On the fifth day after Marda’s arrival, Duval decided to begin her induction course. He walked down the corridor, opened the grille, and through it spoke to her quietly, trying his best to be comforting. After all, he had some experience: he was a Catholic priest.
“Marda, how are you?” he said, his voice full of concern.
Marda cringed in the corner; she now equated the light with her tormentor.
“Are you cowering from me, or from the light? Is it too bright for you? I thought that perhaps you would have had enough of the darkness down here. Who is more foolish, I wonder, the child afraid of the dark, or the man afraid of the light? Ah, but I came to comfort you, not to philosophise…Really, how are you? I do care, you know.”
Marda said nothing. Duval simply stared at his captive. After a minute or so, he tried again: “I am sorry that opening up Denise’s room upset you.” Duval continued ruefully, “It upset me, too. I hadn’t opened it for a very long time.”
Nausea rose in Marda’s throat. “Did you leave her there to die?” she said, her voice breaking. “How long was she here for?”
“She was my guest for some six months,” Duval explained calmly. “A very difficult guest from whom I removed food privileges because she wouldn’t do as she was told. It was exasperating.”
Marda stared at him in horror. “You mean you starved her to death?”
Duval shook his head. “That’s not what I said. I think she chose death and starved herself, in effect. Just before her spirit left her I cleaned her body and performed the last rites. That was the least I could do.”
Her mind raced with the implications of his words. “You mean…you really are a priest?”
“Yes.” He smiled, and the play of light on the contours of his face made him seem even more disturbed.
“But how can a priest do this to young girls?”
“Do what?” Duval looked genuinely bewildered.
Marda was learning to be cautious. She searched for the right words. “Well, accommodate young…guests…in a cellar.”
“I have a mission,” he replied proudly. “Both in my church and in this sacred cellar.”
Again Marda chose her words carefully. “May I ask how many girls have been your…your guests?”
“You are my sixth guest.”
“Are all the others still here?”
“Yes.”
“And they are all…dead?” Marda held her breath.
“Yes,” said Duval regretfully. “They all failed me. Failed themselves really.”
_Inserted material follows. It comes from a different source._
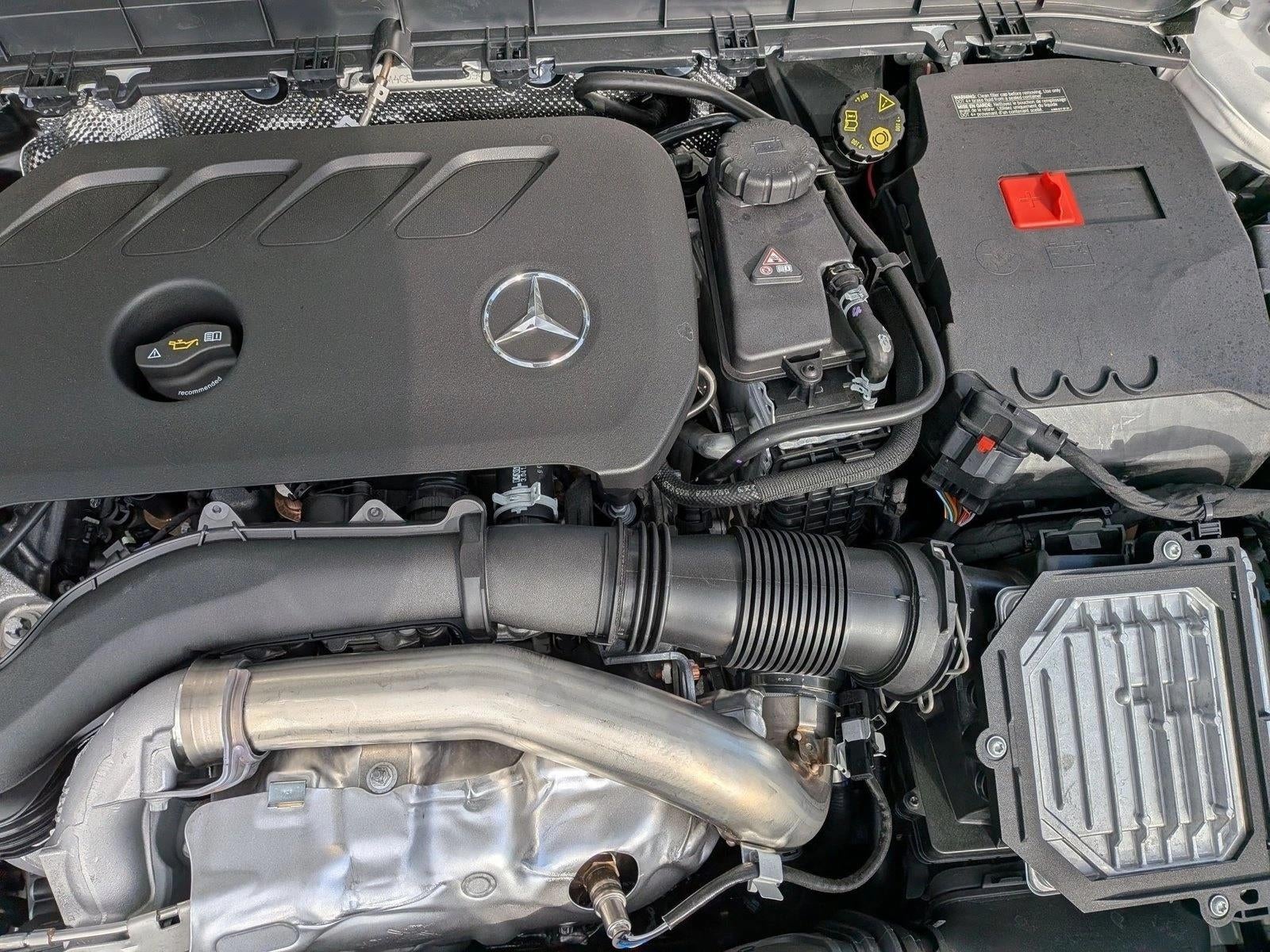 2026 Mercedes-Benz GLB GLB 250 SUV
Again Duval smiled with his whole face but emanated no warmth. “But you, Marda, you will live because you will not fail me. I know you won’t fail me. Let us forget about death and think about life. What can we do to make your life more comfortable?” he asked conversationally.
Marda thought carefully before replying. “Couldn’t I live in a room upstairs?”
Duval furrowed his brow in thought. “That would be quite impossible now for a novice. Perhaps later, when I can trust you, yes.”
“Trust me how?”
“Trust that you will learn what I shall try to teach you. That you will not try to run away before we have finished.”
“Finished what?” Marda had no idea what he was talking about.
“I am required to teach you about God,” said the priest earnestly. “I am obliged to teach you about the life of an anchoress. An anchoress is a woman devoted entirely to God. Later I shall tell you of Christine, about whom I have been writing, and how a woman can achieve everything through a contemplative life. I believe the modern approximation is…” he paused, searching for words to which she might relate, “to teach you to tune in, turn on and drop out. Dr. Timothy Leary, I believe. Have you heard of him?”